With the hacking of PSN being resolved with all due haste and as quickly as possible, it forces us to rethink the strategy used to purchase games online, and credit cards in general.
Right now, paypal or a credit card are the prime ways to purchase games online, and not everyone accepts paypal. As I have stated time and time again, the difficulty of executing identity theft and credit is nothing short of laughable. My stepdad is wary about using his credit card, and rightly so. He is a cautious man with his money, tracks every penny, and he will chase you down to make sure credit card info is scrubbed from your database.
A significant amount of games are PSN exclusive, forcing people to download the games from the database, meaning they’ll likely have to hand over their credit card number to get a hold of games.
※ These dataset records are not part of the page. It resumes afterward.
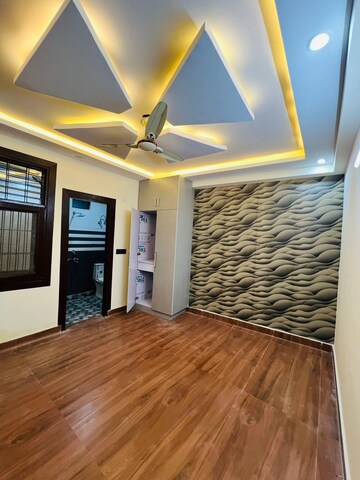 Bedroom in 3 BHK Builder Floor at Arjan Garh – for Sale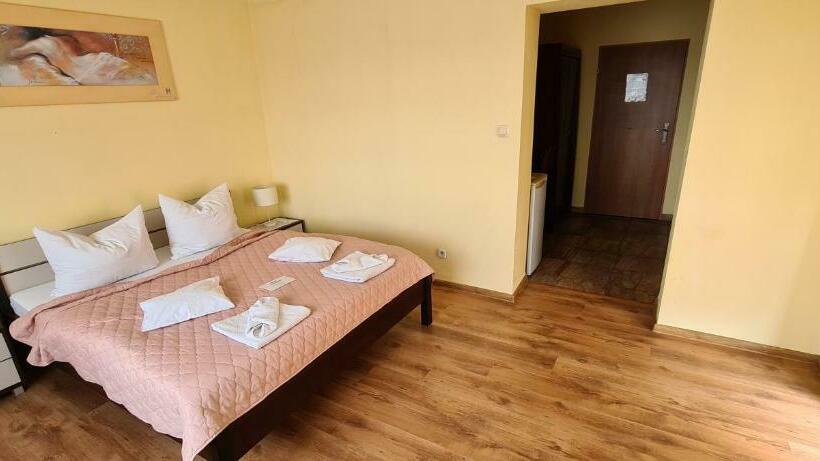 آپارتمان لوکس 1 خوابه, Zajazd Motel Staropolski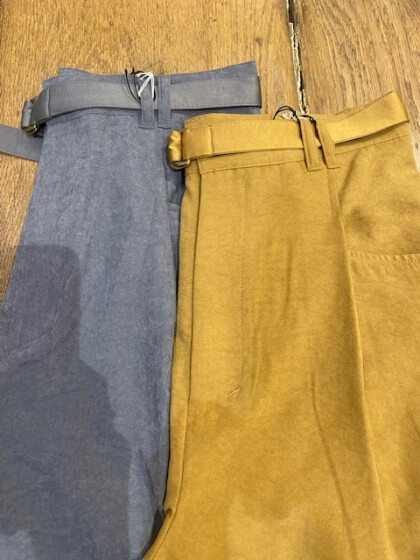 バックサテンピーチ　タックパンツ
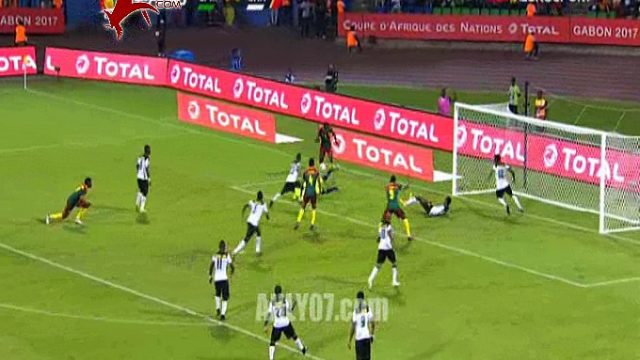 شاهد خطأ قاتل لمدافع غانا يهدي الكاميرون الهدف الاول مقابل 0 قبل نهائي امم افريقيا 2017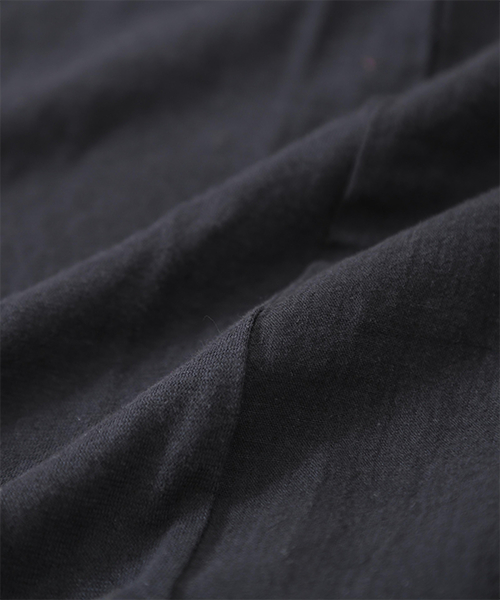 CUBE SUGAR（キューブシュガー）の「綿麻天竺×布帛Vネックワンピース（ワンピース・レディース・ホワイト/ネイビー/ナチュラル・M）」の5枚目の写真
Even though digital distribution of products is an amazing idea, cuts down on the middleman, eliminates stock issues completely, and lets everybody with an internet connection (most of the civilized world) get what they want from the comfort of their homes, a security issue like this is quite literally a goldmine in its value.
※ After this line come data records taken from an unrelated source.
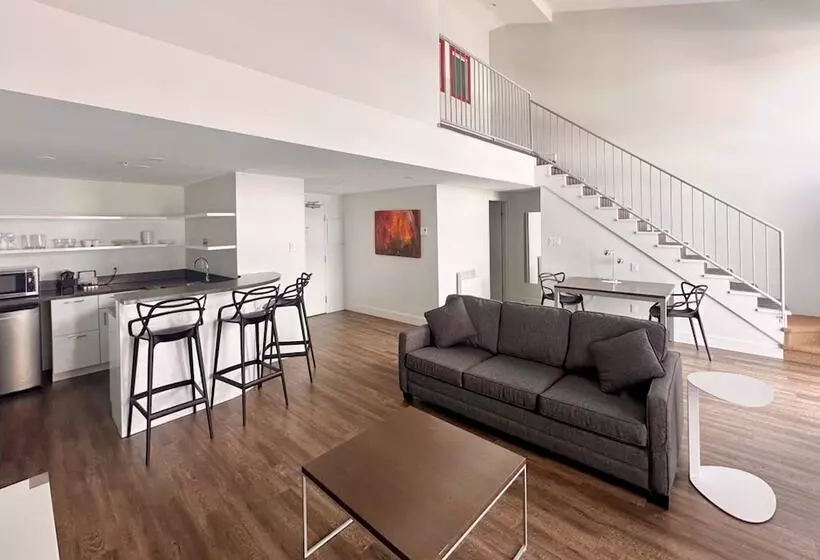 בית מלון כפרי Lac Brome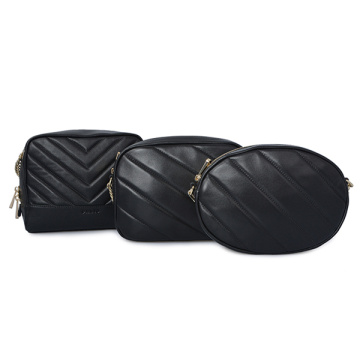 Sac à bandoulière en cuir noir avec bandoulière minimaliste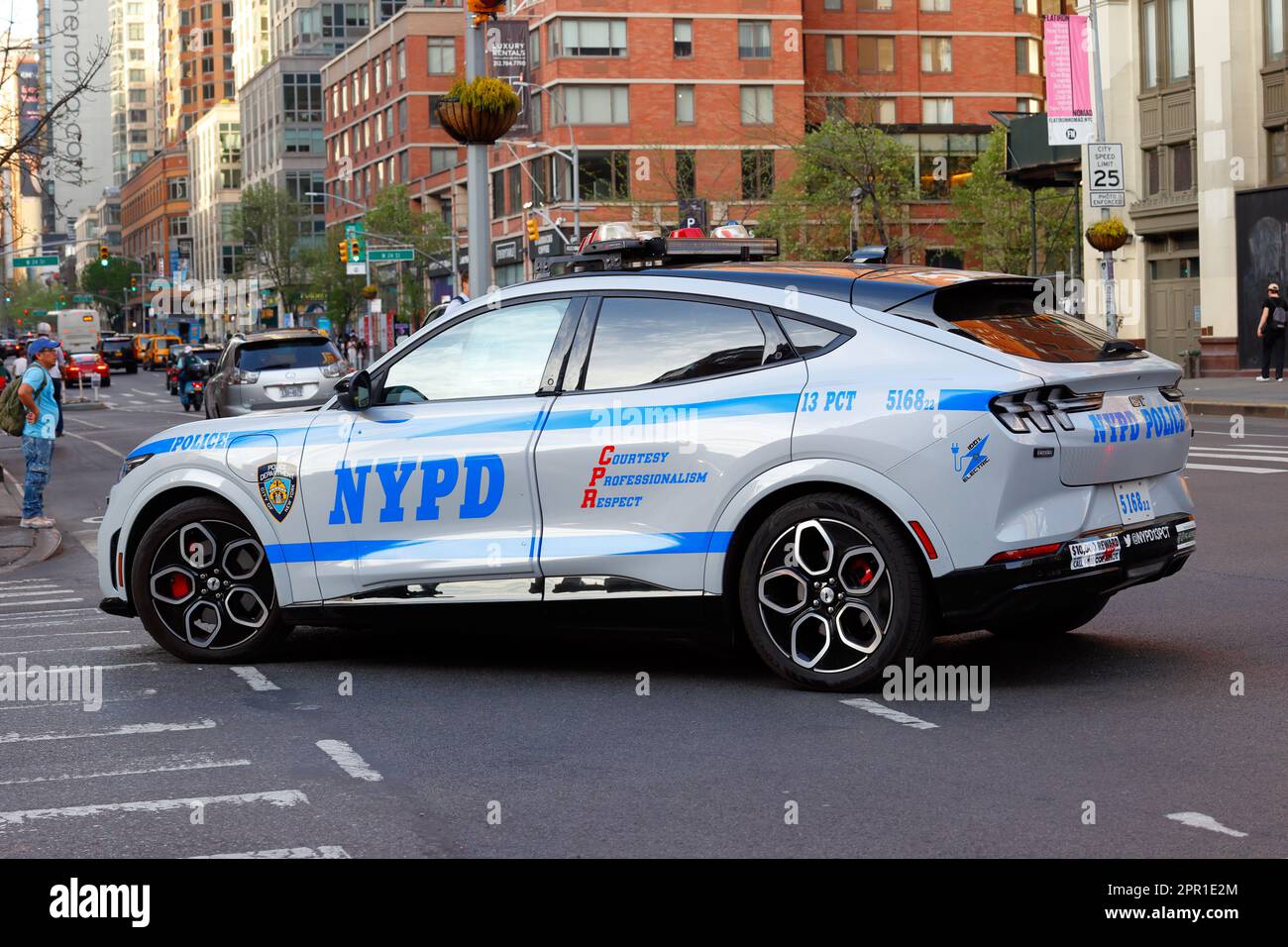 Ein Ford Mustang Mach-E GT Polizeikreuzer in Manhattan, New York. Elektrisches nypd-Polizeiauto Stockfoto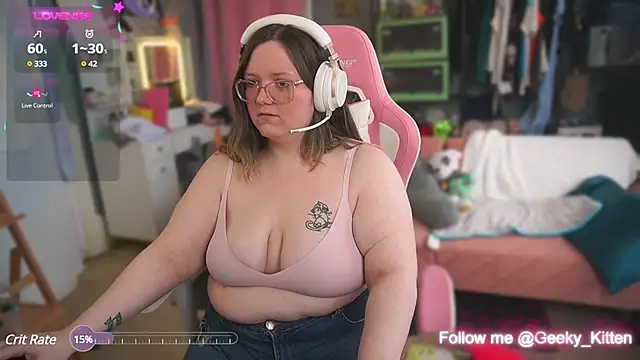 Snapshot of Geeky_Kitten chatting on 01-25-25, 07:18 Geeky Kitten online show from 01-25-25, 07:18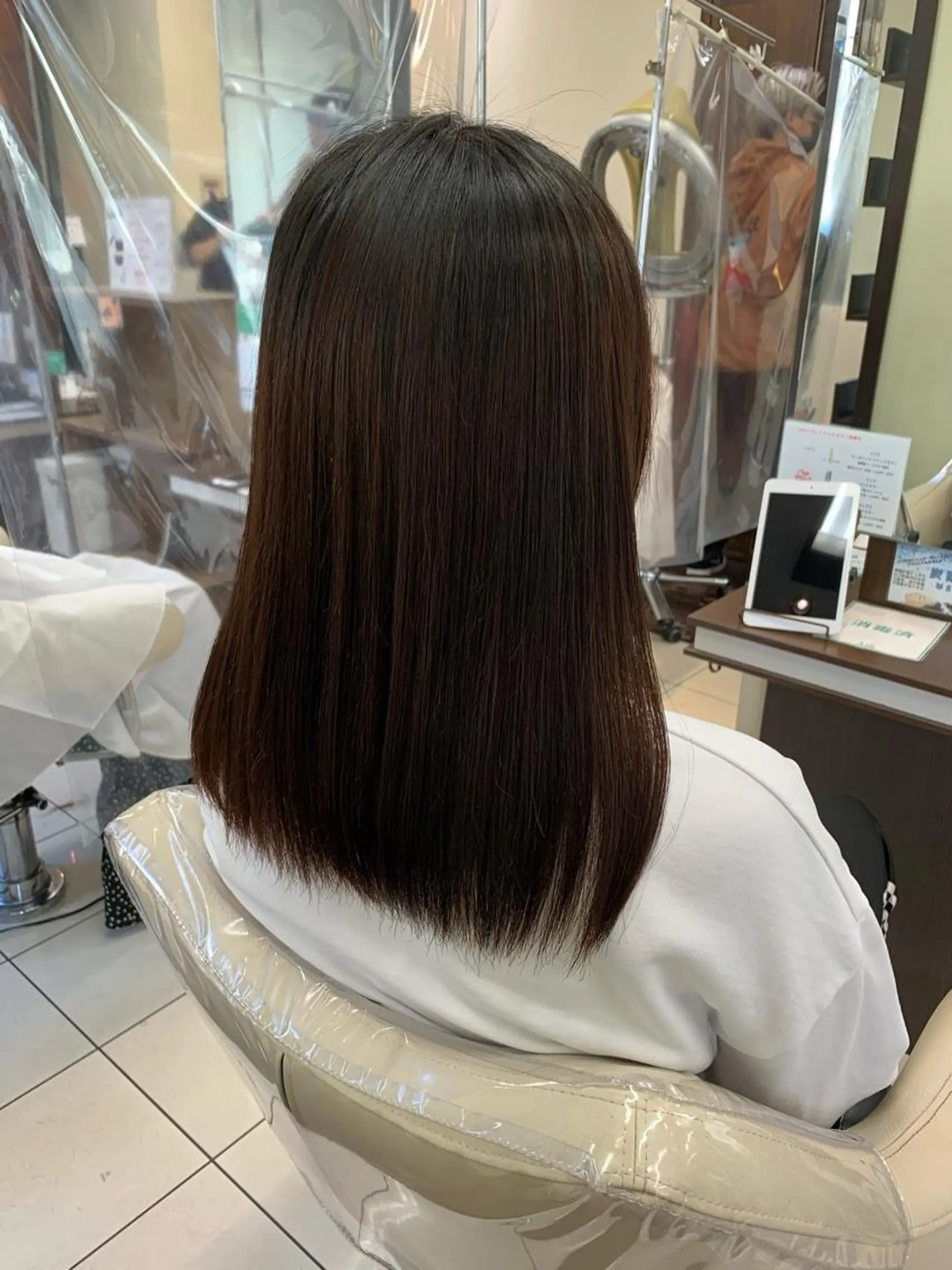 セミロング パーマ カット ヘアカラー 縮毛矯正 トリートメント ブリーチでもできる 縮毛矯正相原慎🌈のヘアスタイル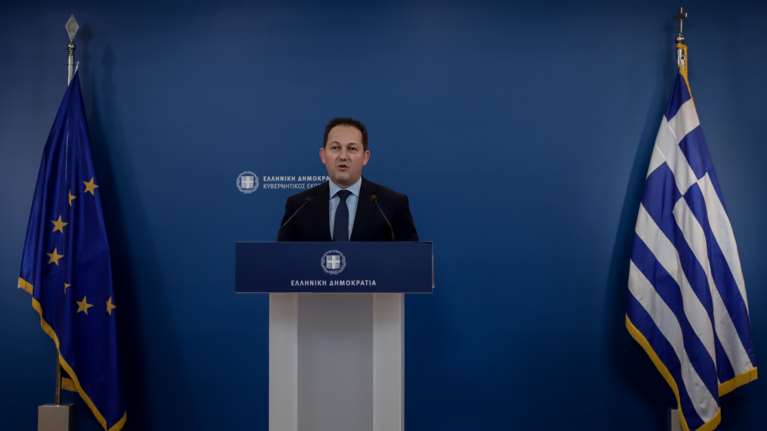 Πέτσας: Ο κ. Τσίπρας είτε να διαγράψει τον Παππά είτε να αναλάβει την ευθύνη του παρακράτους τους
Even though many services allow us to walk into most stores and pick up cards that put money into our accounts with cash, this has two major downsides. Firstly, these cards aren’t available everywhere nor are they on every service, and second, if the algorithm for the cards gets cracked or someone makes an incredibly lucky guess, that $20 card you just bought might be completely useless.
There truly is no way to guarentee it, but how companies handle our credit card data needs to change. Things like not storing the data longer than needed, and allowing us to have it permenently and irrevocably removed with one click. Encrypting the data simply is not enough now. When credit card fraud happens, the fault goes up from the one who leaked the number to the provider itself. If this scandal results in far stronger security measures, I’ll welcome it.